### Work order
In the records below, find the line containing "Watts Premier LCV", then print it and every following line exactly, through the last, without pictures.

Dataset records
● ● ● ● ●

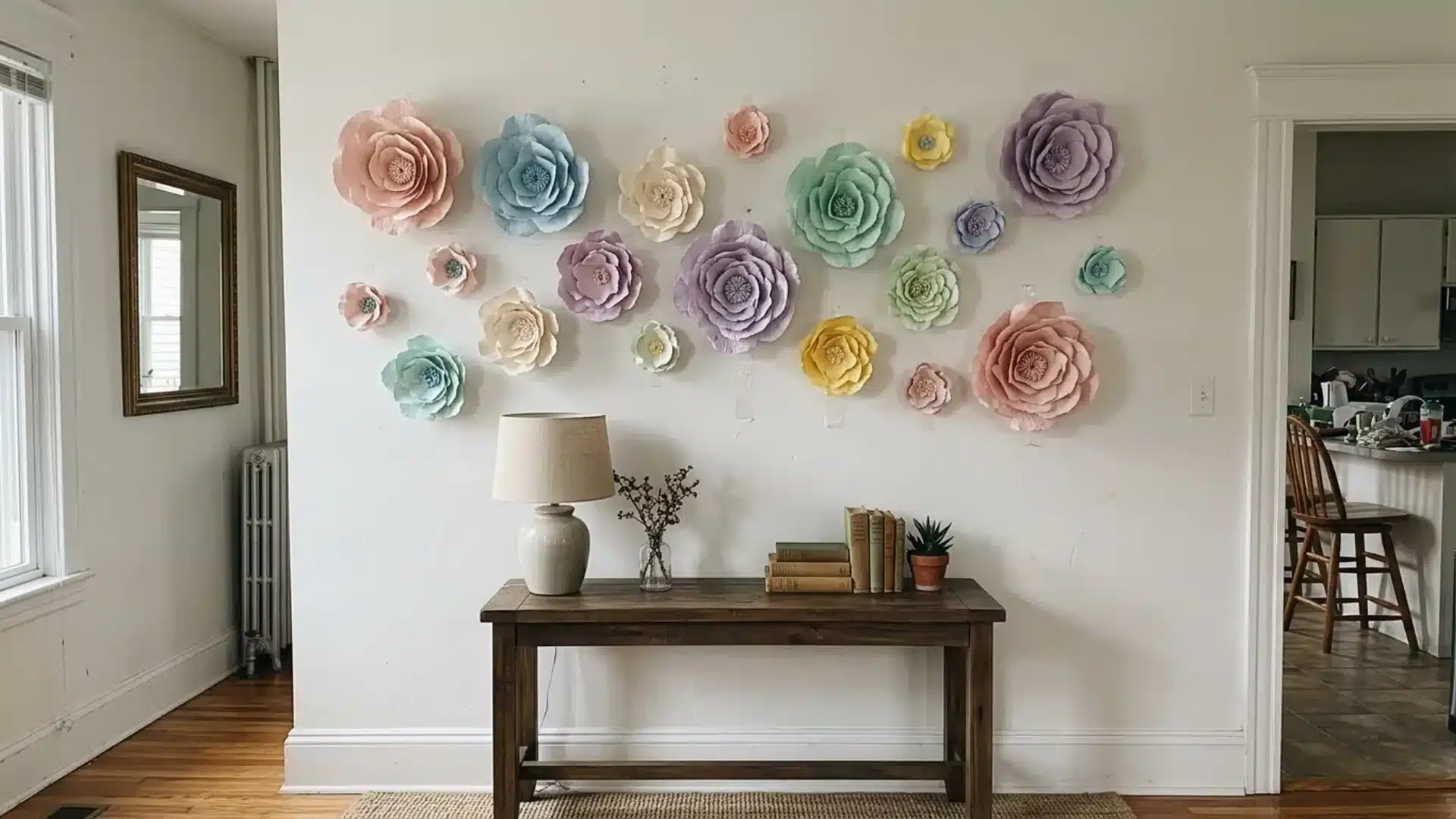 handmade paper flower wall display in pastel colors arranged above a console table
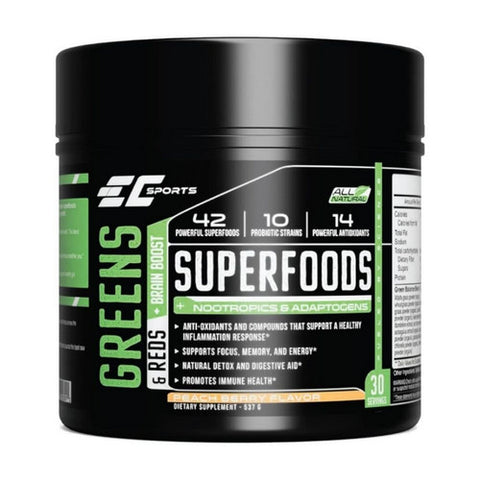 EC Sports, Greens And Reds Superfoods Peach Berry, 458 Grams EC Sports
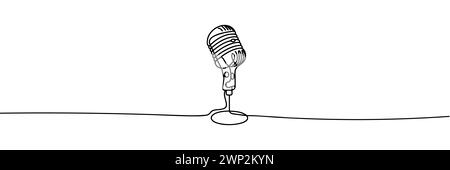 One line drawing vintage retro stage microphone. vector illustration. Stock Vector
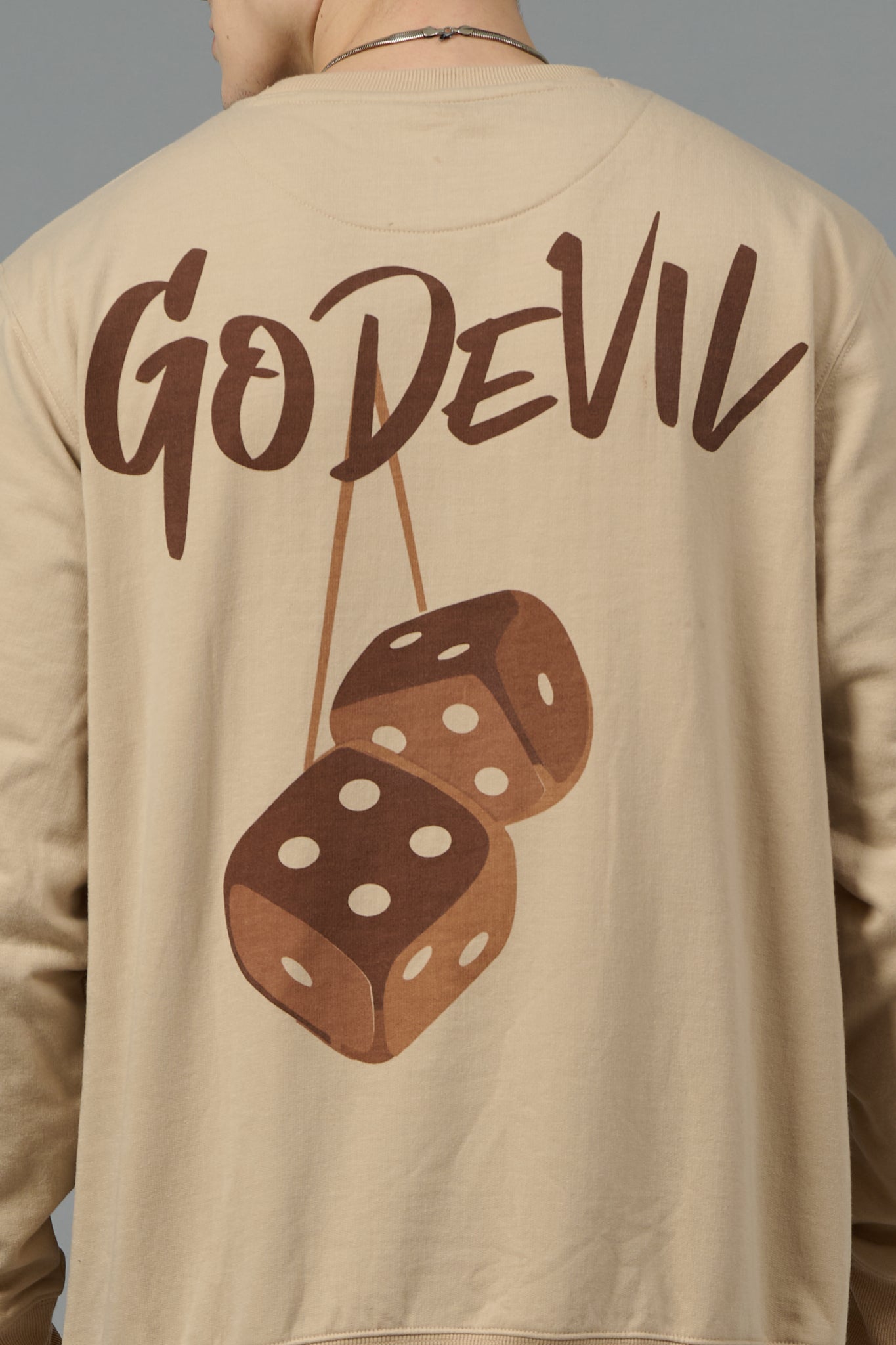 Go Devil Back Dice Printed Ivory Sweatshirt for Men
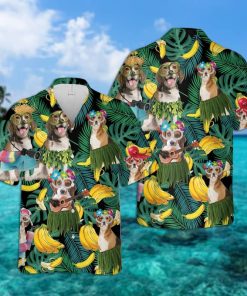 Beagle Short Sleeve Button Down Hawaiian Shirt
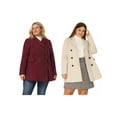 thumbnail image 1 of NOMADIC NOOK Women's Plus Size Winter Notched Lapel Double Breasted Overcoat 2 PCS, 1 of 7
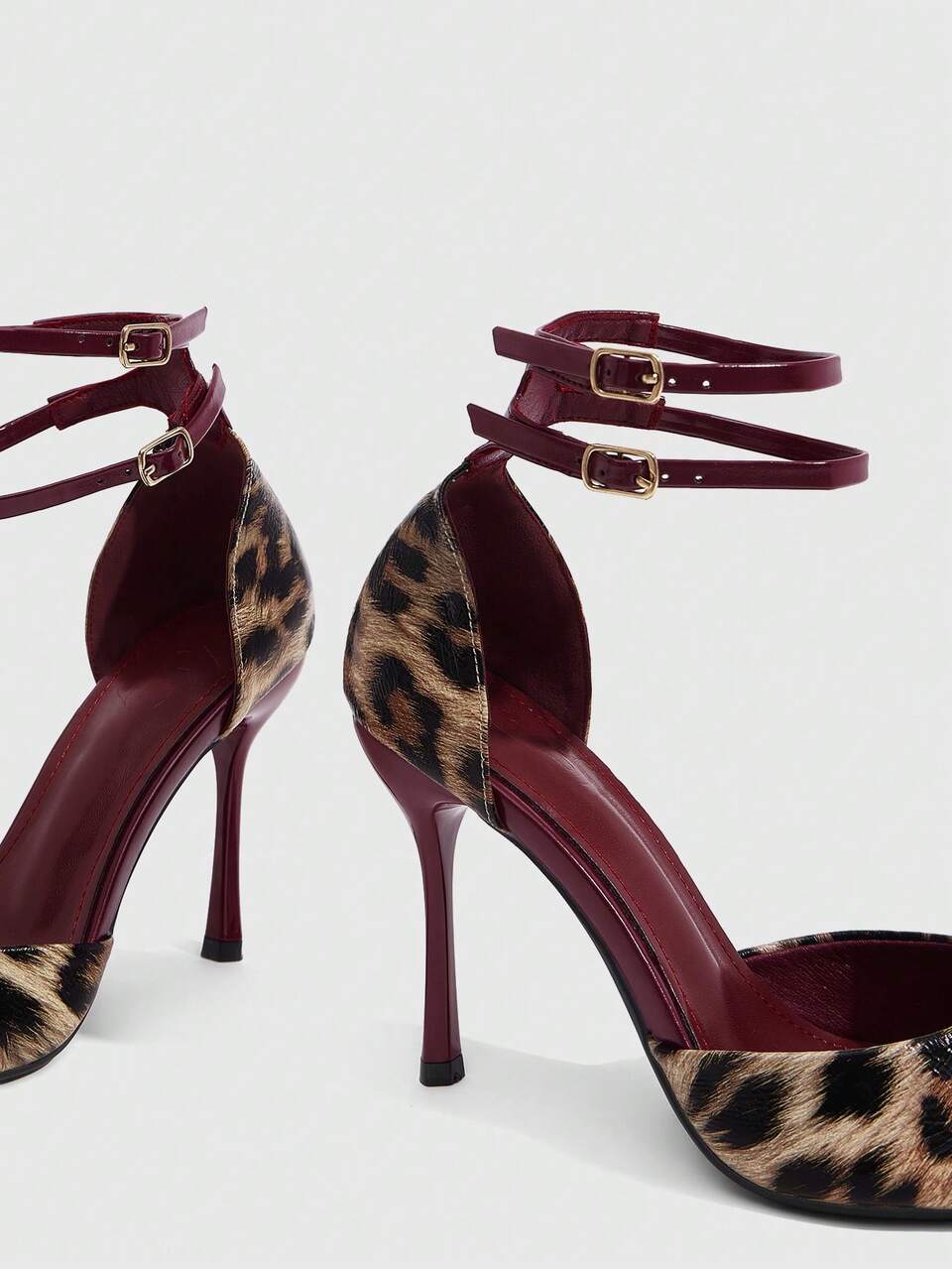 CUCCOO SZL Women's Fashionable Elegant Commuting Leopard Print Patchwork Pointed Toe Pumps For Christmas Spring Shoes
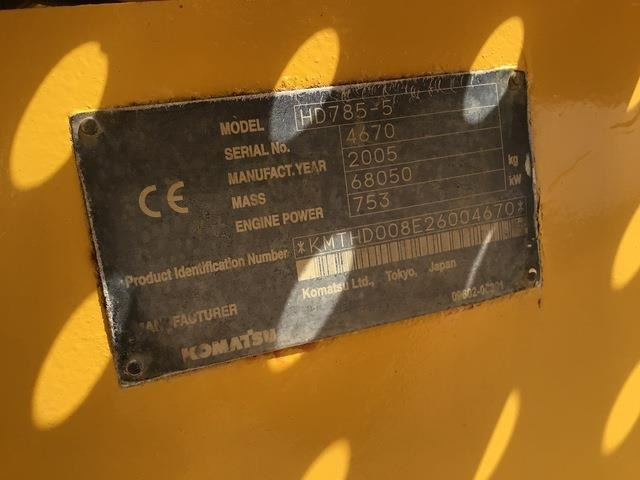 Komatsu HD785-5 - Tombereau rigide: photos 5 Komatsu HD785-5 - Tombereau rigide: photos 5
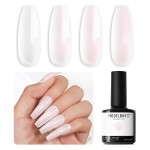 modelones Glitter Gel Nail Polish Pearlescent Gel Polish White Chrome Shimmer Nail Polish Iridescent Soak Off Led Mermaid Polish Swirl Shell Thread Effect Nail DIY 15 ML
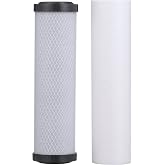 Watts Premier LCV 2-Stage Filter Kit Sediment and Carbon Block 2-Pack | NSF-Certified Reduces Chlorine VOCs Lead Fits WP-2 WP-5Sv Reverse Osmosis Under Sink Countertop and RV Camper Use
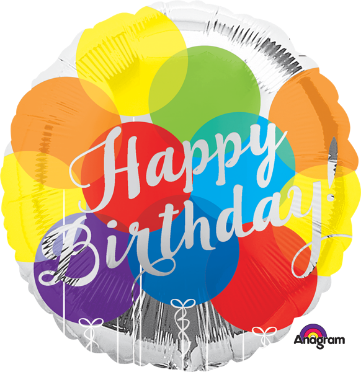 Happy Birthday Balloons 18-Inch Round Foil Balloon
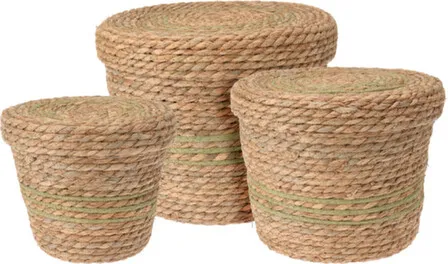 Купить Корзины плетёные с крышкой: 34x34x25,5 см/ 29,5x29,5x24,5 см/ 24,5x24,5x21 см, Koopman в интернет-магазине Akvilon.kz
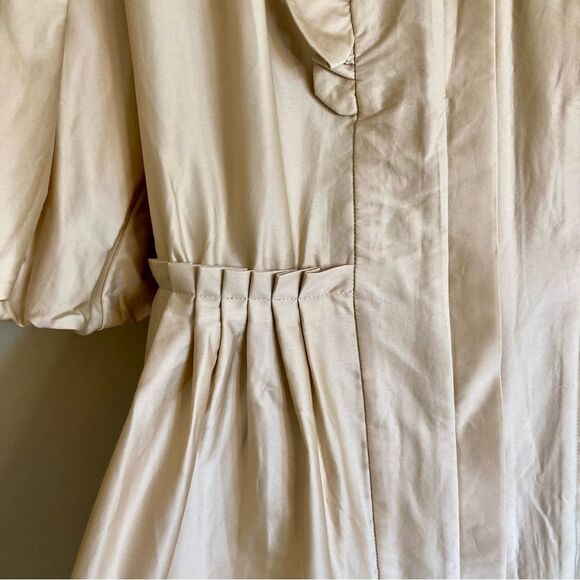 NEW FARM Rio Beige Short Sleeve Mini Dress Ruffle Peter Pan Puffed Size S or M - Picture 12 of 16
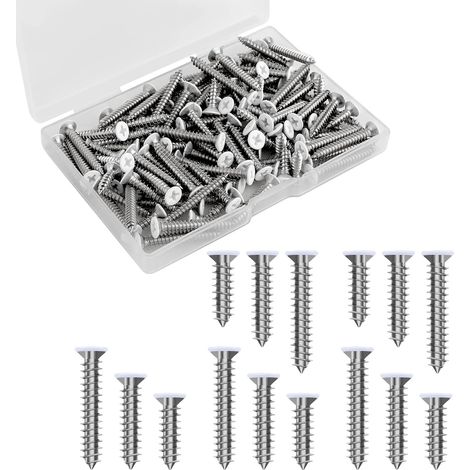 120 Pcs 8 Vis Blanche Tete Plate, Vis à Bois à Tête Plate Vis Bois Inox Vis Autotaraudeuses Vis Autotaraudeuses à Tête Plate pour Vis de Plaques Murales Couvercle L'interrupteur (3 Tailles) (1/5)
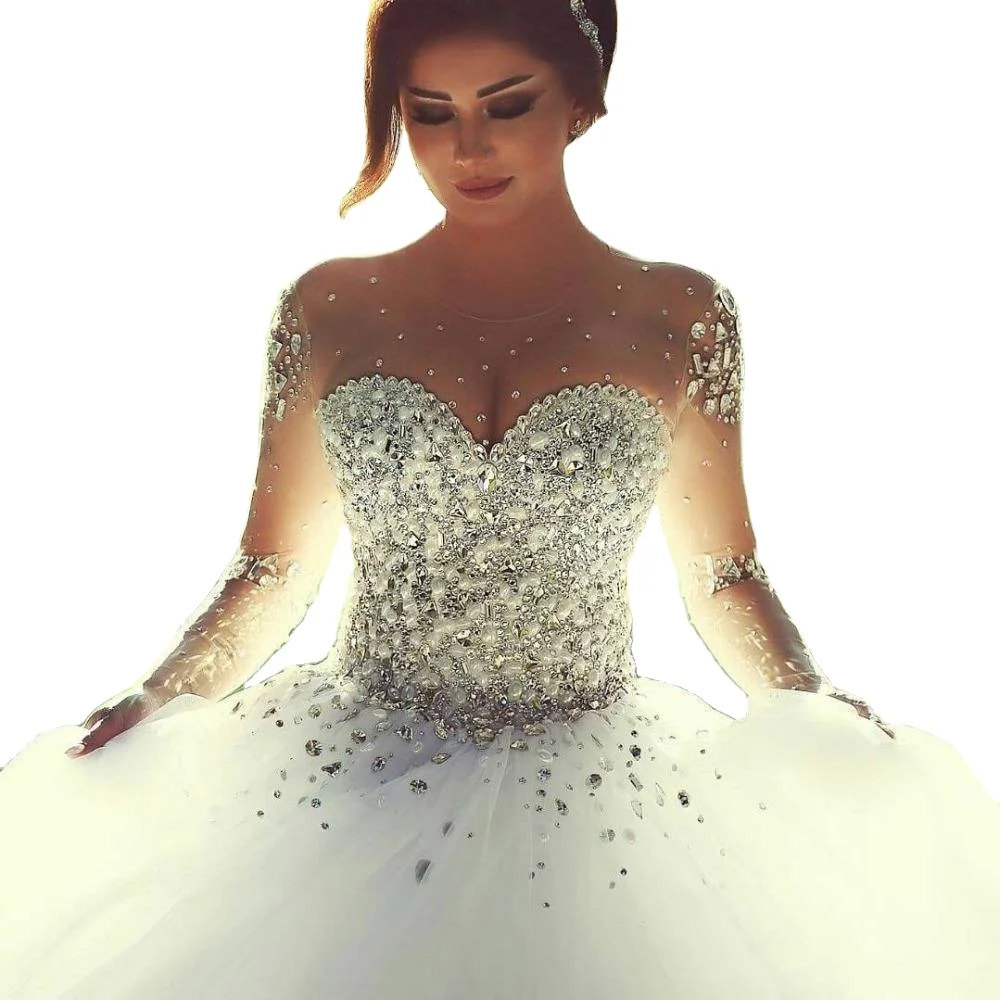 

Sweetheart Pedreria Para Vestidos De Novia Long Aleeved Lace Diamond Wedding Dress 2021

● ● ● ● ●

### Result for this exercise
 Watts Premier LCV 2-Stage Filter Kit Sediment and Carbon Block 2-Pack | NSF-Certified Reduces Chlorine VOCs Lead Fits WP-2 WP-5Sv Reverse Osmosis Under Sink Countertop and RV Camper Use
 Happy Birthday Balloons 18-Inch Round Foil Balloon
 Купить Корзины плетёные с крышкой: 34x34x25,5 см/ 29,5x29,5x24,5 см/ 24,5x24,5x21 см, Koopman в интернет-магазине Akvilon.kz
 NEW FARM Rio Beige Short Sleeve Mini Dress Ruffle Peter Pan Puffed Size S or M - Picture 12 of 16
 120 Pcs 8 Vis Blanche Tete Plate, Vis à Bois à Tête Plate Vis Bois Inox Vis Autotaraudeuses Vis Autotaraudeuses à Tête Plate pour Vis de Plaques Murales Couvercle L'interrupteur (3 Tailles) (1/5)

Sweetheart Pedreria Para Vestidos De Novia Long Aleeved Lace Diamond Wedding Dress 2021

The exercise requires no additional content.